Re: [PATCH v5 4/4] x86/ioreq server: Reset outstanding p2m_ioreq_server entries when an ioreq server unmaps.

From: Yu Zhang <yu.c.zhang@linux.intel.com>
To: George Dunlap <george.dunlap@citrix.com>, xen-devel@lists.xen.org
Subject: Re: [PATCH v5 4/4] x86/ioreq server: Reset outstanding p2m_ioreq_server entries when an ioreq server unmaps.
Date: Fri, 2 Sep 2016 19:00:27 +0800	[thread overview]
Message-ID: <57C95BCB.5050003@linux.intel.com> (raw)

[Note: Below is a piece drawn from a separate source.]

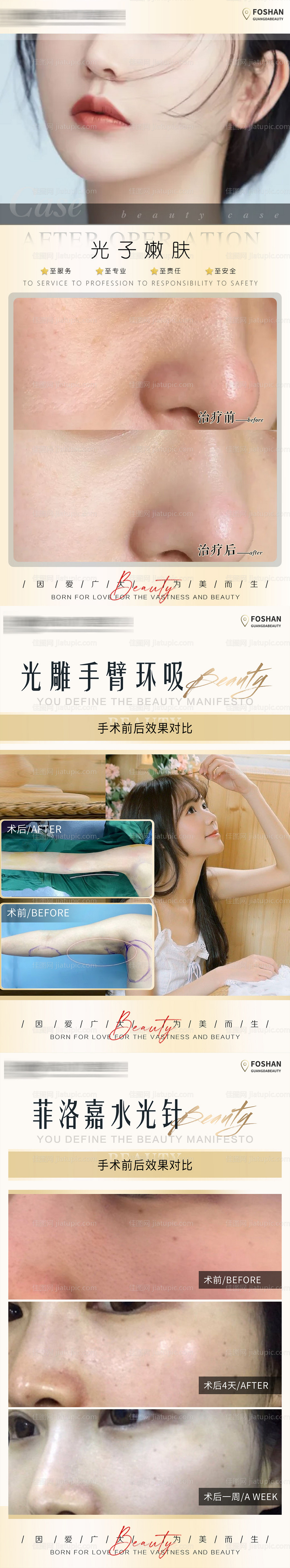 整形真人案例分享集-源文件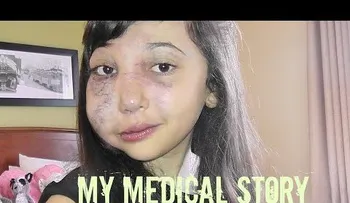 Una niña youtuber con una enfermedad rara emociona (VIDEO)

In-Reply-To: <57C57943.5030609@linux.intel.com>

On 8/30/2016 8:17 PM, Yu Zhang wrote:
>
>
> On 8/16/2016 9:35 PM, George Dunlap wrote:
>> On 12/07/16 10:02, Yu Zhang wrote:
>>> This patch resets p2m_ioreq_server entries back to p2m_ram_rw,
>>> after an ioreq server has unmapped. The resync is done both
>>> asynchronously with the current p2m_change_entry_type_global()
>>> interface, and synchronously by iterating the p2m table. The
>>> synchronous resetting is necessary because we need to guarantee
>>> the p2m table is clean before another ioreq server is mapped.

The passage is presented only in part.